Sunday, April 15, 2012

Is There an App for That?

You guys I seriously need to get a life.  This weekend I rented one, and it was awesome.  I don’t want to give it back.

I do have several of the components of a life.  I have not just a job, but a career.   Well a couple of them actually.  And I enjoy them both.  I have great friends.  I have The Boy who is hilarious and sweet and loves his mom and will grow into a really good man just as soon as he pulls his head out of his ass.  But there is something missing.  I think it might be….fun??

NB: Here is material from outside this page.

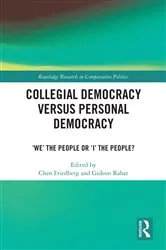 Book cover of Collegial Democracy versus Personal Democracy by Chen Friedberg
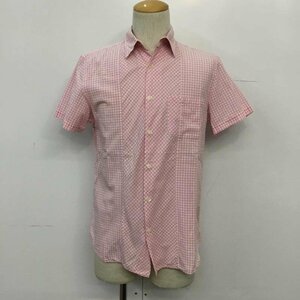 Paul Smith M ポールスミス シャツ、ブラウス 半袖 ギンガムチェック Shirt Blouse 白 / ホワイト / X 桃 / ピンク / 10041104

This weekend I spent some time with a very nice gentleman who is new to my life.  I hope to spend much more with him.  We had lunch and wandered hand in hand in the mall.  We laughed and had stimulating conversation and I felt like less like a lumberjack than I have in a long time.   I also had some much needed girl time.  Giggly, alcohol-buzzed, yelling-over-the-band, laughing-at-each-other-and-ourselves-girl-time.  I really don’t have enough of that.  I need to seriously find a way to get more.   I kind of forgot how great it can be.  I have been pretty focused on filling the gap where I think male companionship belongs, but I haven’t put the conscious effort that I should into filling my girl time quota.  I realized a while back that my prince charming is not going to show up on his own, to my office or my front door or Aldi's, since those are the only three places I typically go.  I’m going to have to go find him.  Well after that realization what makes me think rich, fun, girly relationships are going to happen naturally?  They also need to be cultivated.

Is there an app for that?  Must research.

Today’s lunch….Avocados are Awesome!!!  I may never buy mayonnaise again.  Take a can or two of tuna (I recommend two, but this stuff doesn’t keep well so do have company), an avocado (or half of one if you only have one can of tuna) and a fork.  Mash away.  Add salt & pepper to taste.  Dump the glop on top of whatever fresh veggies you have in your fridge.  Enjoy.  


Edit.....about the boy being hilarious.  He just chose to demonstrate this with a blood curdling scream, in the middle of the back yard, as he was mowing the lawn.  The scream initially brought images of an amputated foot, followed by the thought that the dogs, one of which is deaf and the other is stupid, are outside and could easily get run over by ADHD boy not paying attention.  I ran to the back door, screamed "WHAT????" and he replied "I'm out of gas".  I will let him live until he is done mowing.  No guarantees beyond that.

Tuesday, April 3, 2012

Double Cheeseburgers, Crack and Puppies

Sunday I did yoga.  Les Mills Flow to be exact.  It felt good.  Yesterday I lifted.  In a very different way it also felt good.

Yesterday I ate no refined sugar.  Today I have been dealing with what I believe to be an ugly downward mood swing due to sugar withdrawal.  Or, yaknow, it could be because it sort of sucks to be me right now.  Or a combination of both.  But 48-ish hours in I feel the sugar craving subsiding.  That feels good.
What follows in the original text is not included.